(SOURCE RECORDS)

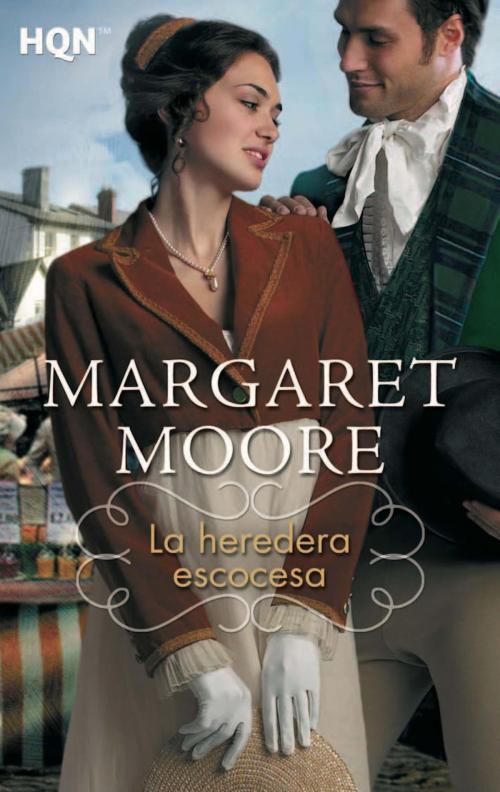 Cover of the book La heredera escocesa by Margaret Moore, Harlequin, una división de HarperCollins Ibérica, S.A.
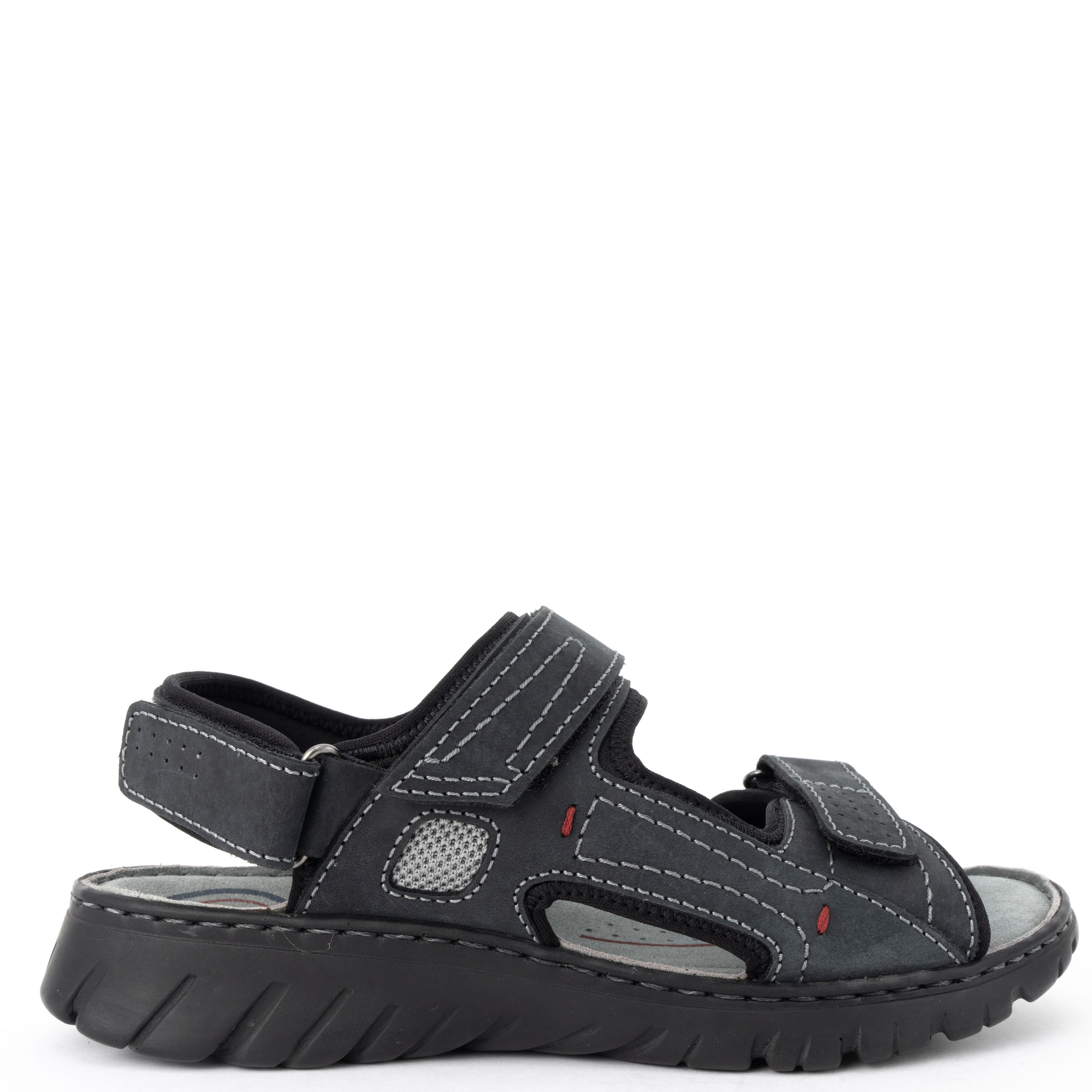 GRUNER SCHUHE Basutės vyrams, Juoda, Sandals 2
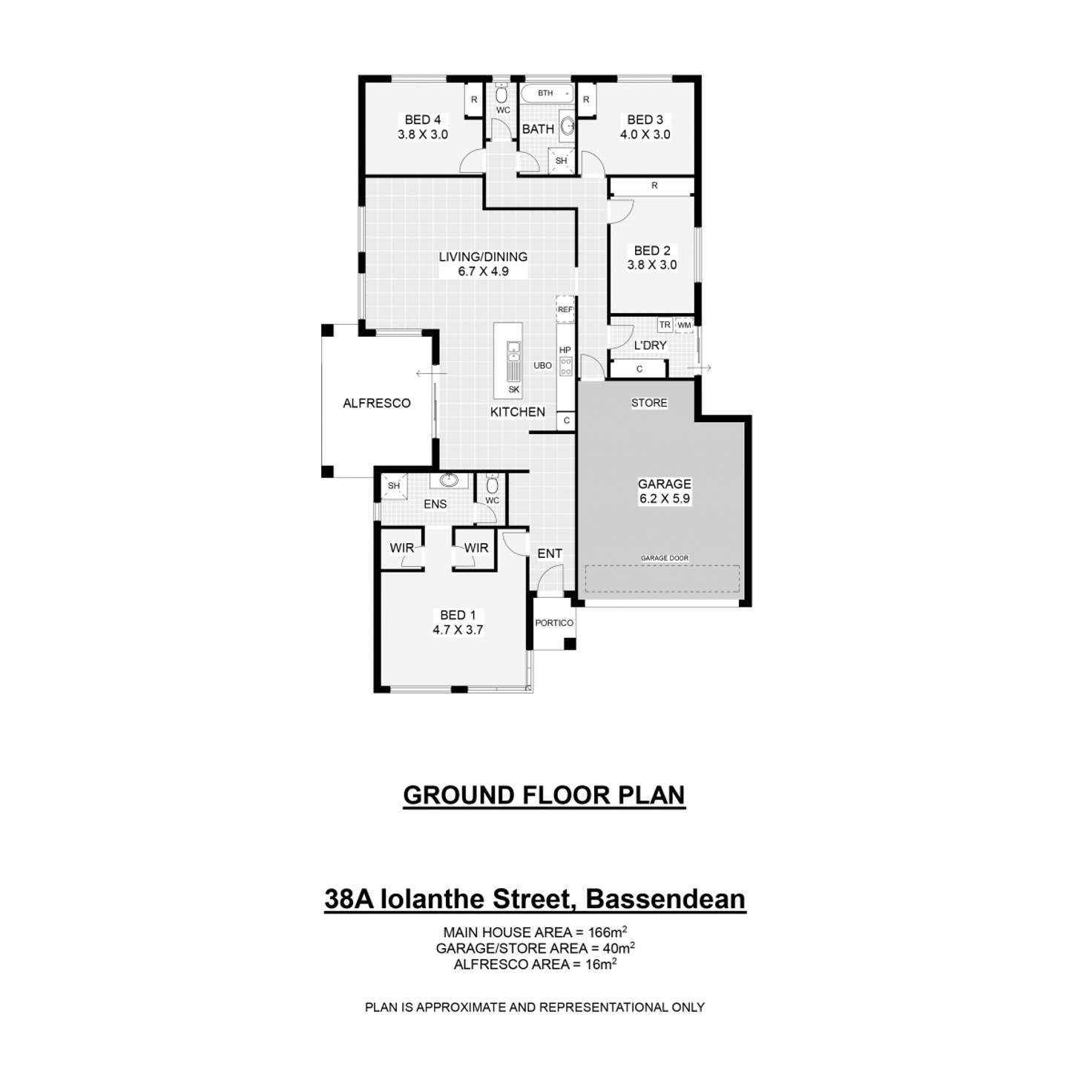 Floorplan of Homely house listing, 38A Iolanthe Street, Bassendean WA 6054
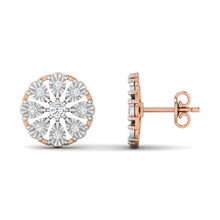 14k Gold Diamond Earring
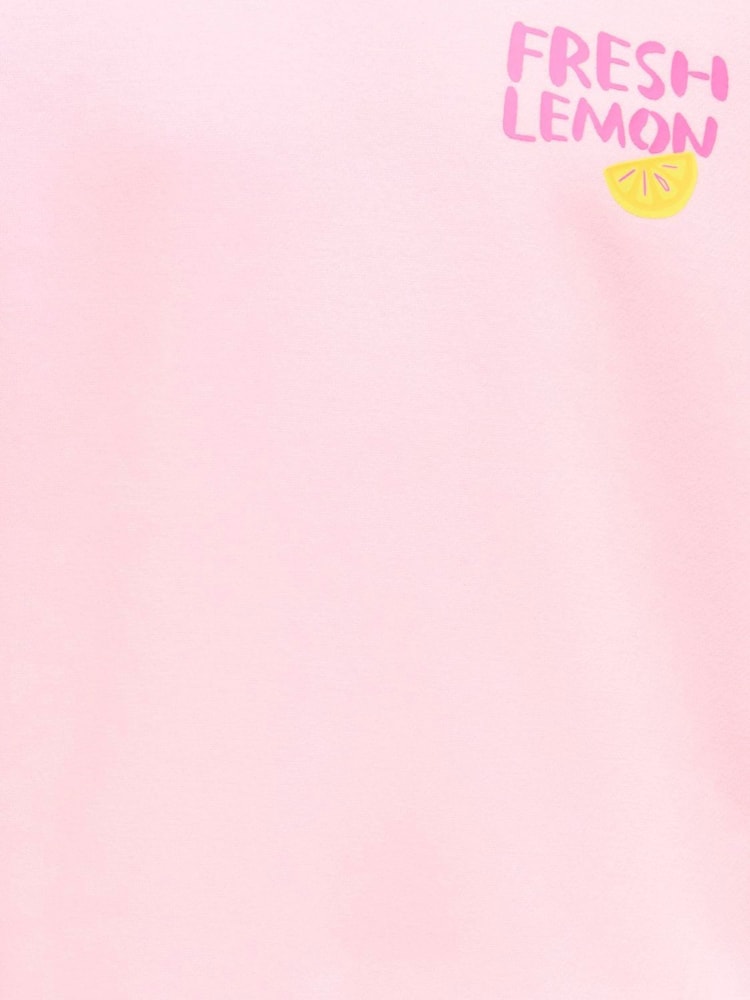 ONLY KIDS Pink Long Sleeve Lemon Back Print Sweat Top - Image 7 of 7
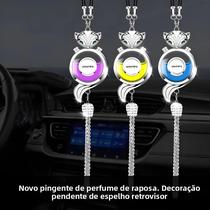 Pingente De Perfume Para Carro Com Logotipo De Raposa De Metal, Difusor Pendurado No Espelho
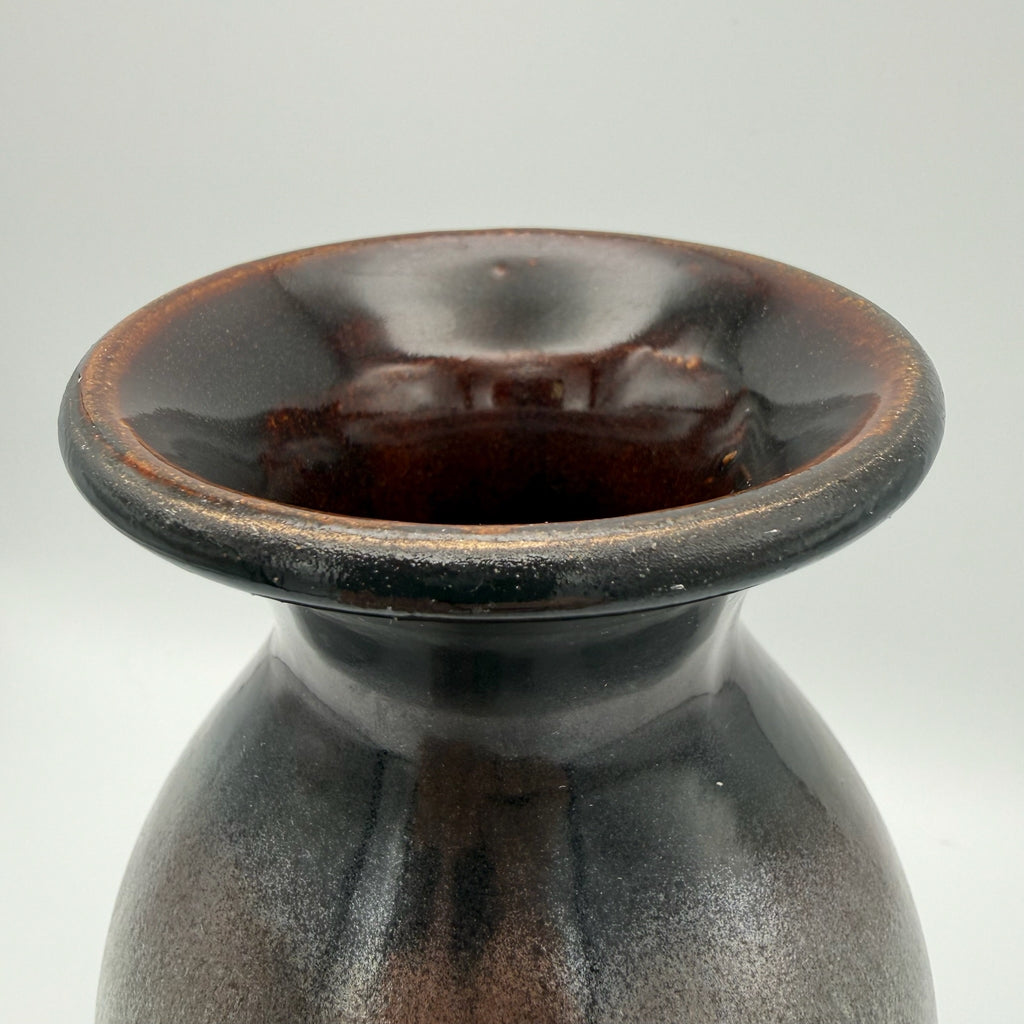 Vintage West German Pottery Vase 20cm Scheurich Keramik 60er 70er Pop Art Showroom Ansbach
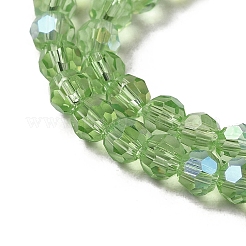 Electroplate Transparent Glass Beads Strands&nbsp;EGLA-A035-T4mm-L09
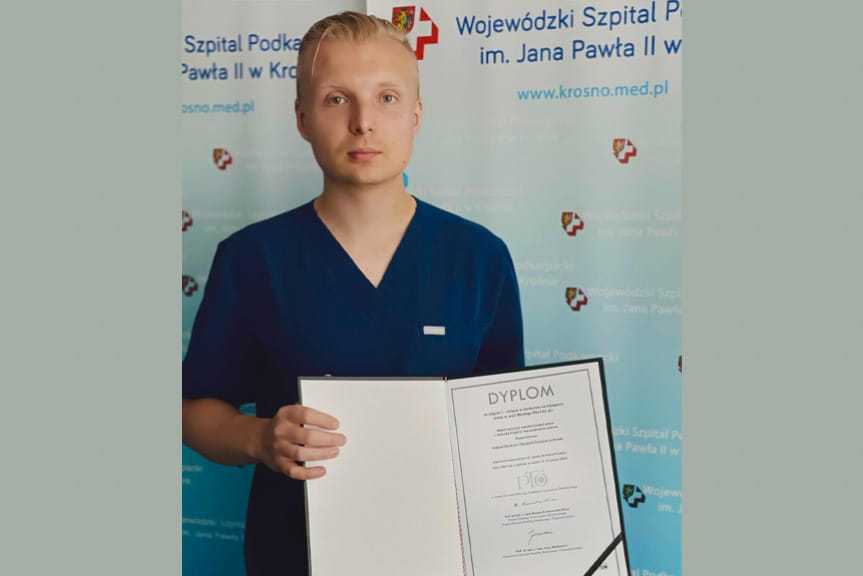 Paweł Kolman - młody okulista z wielkim sukcesem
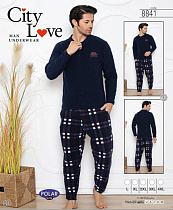 Пижама 4 Seasons 8841 navy - делук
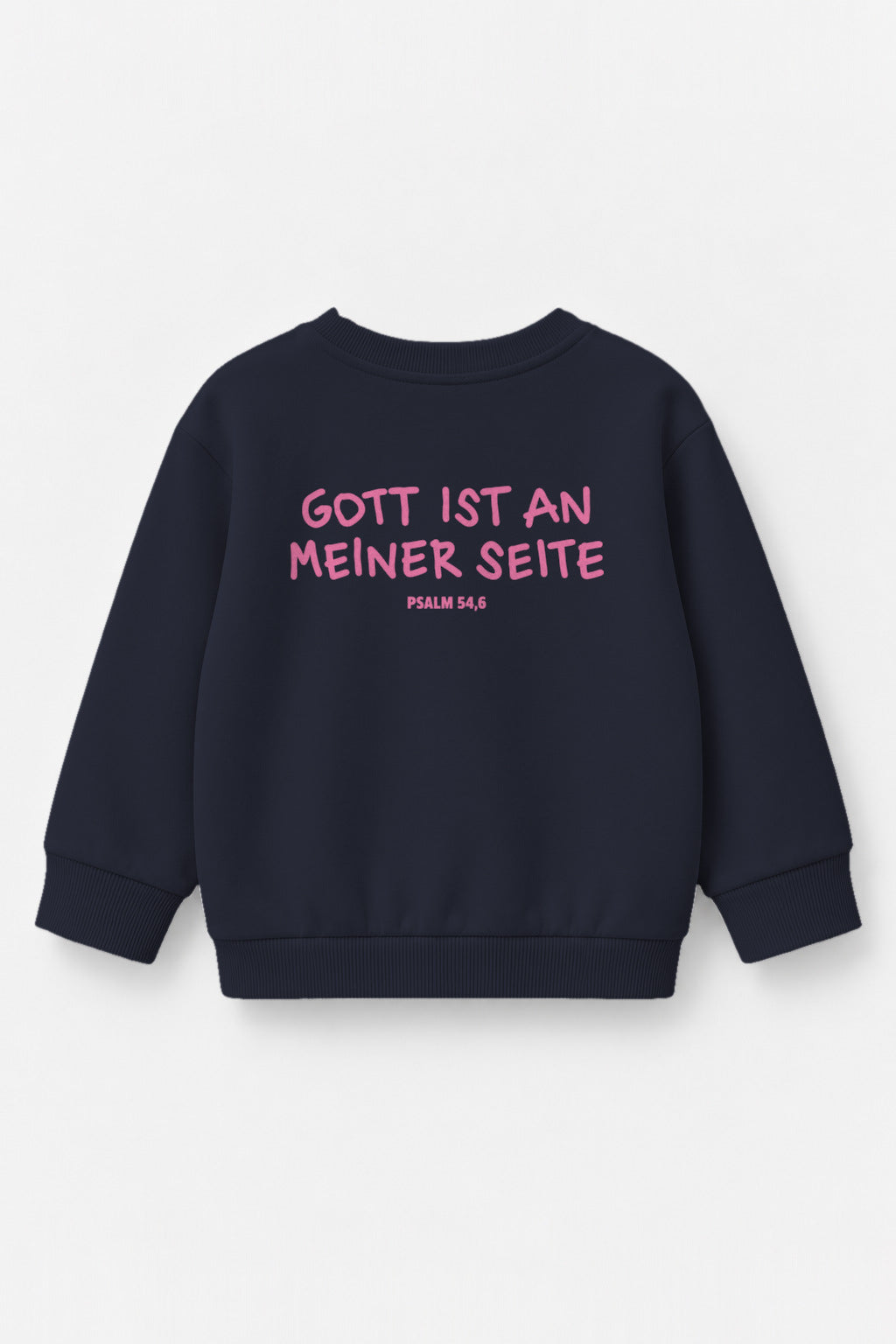 Gott ist an meiner Seite Kinder-Sweater in Navy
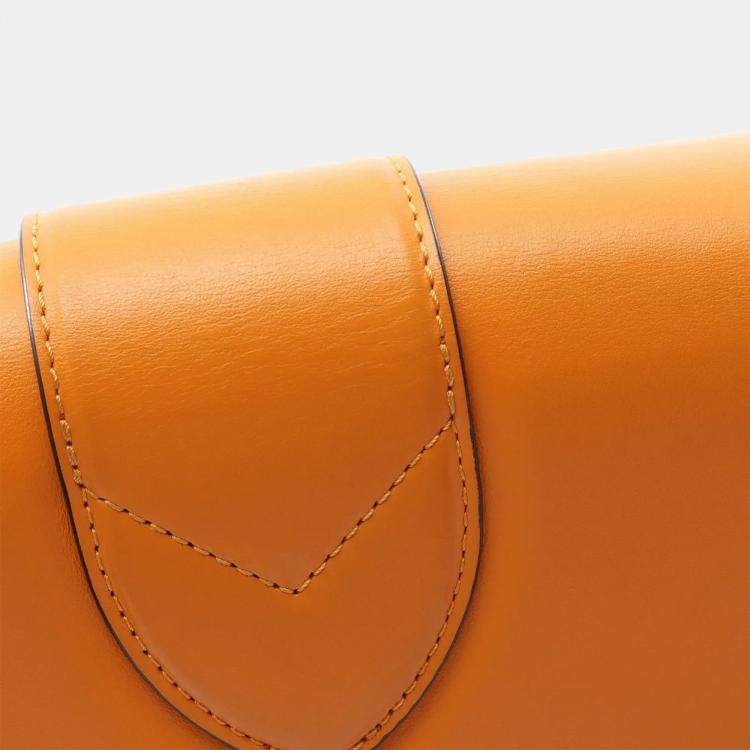 Pre Owned Louis Vuitton Pont 9 Orange Leather Crossbody Bag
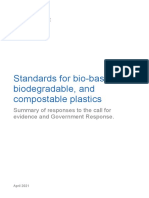 Standards For Bio-Based, Biodegradable, and Compostable Plastics
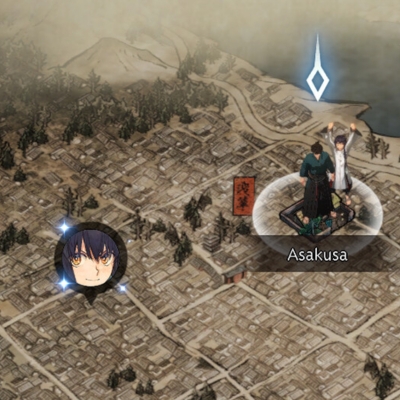 Fate/Samurai Remnant - Asakusa Map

(End SOURCE RECORDS)

From the line containing "Vintage West German" down to the final line of the listing above, write out only those lines exactly as they are, minus the pictures.

▶ [SOLUTION BELOW]
 Vintage West German Pottery Vase 20cm Scheurich Keramik 60er 70er Pop Art Showroom Ansbach
 Electroplate Transparent Glass Beads Strands&nbsp;EGLA-A035-T4mm-L09
 Paweł Kolman - młody okulista z wielkim sukcesem
 Пижама 4 Seasons 8841 navy - делук
 Gott ist an meiner Seite Kinder-Sweater in Navy
 Pre Owned Louis Vuitton Pont 9 Orange Leather Crossbody Bag
 Standards For Bio-Based, Biodegradable, and Compostable Plastics
 Fate/Samurai Remnant - Asakusa Map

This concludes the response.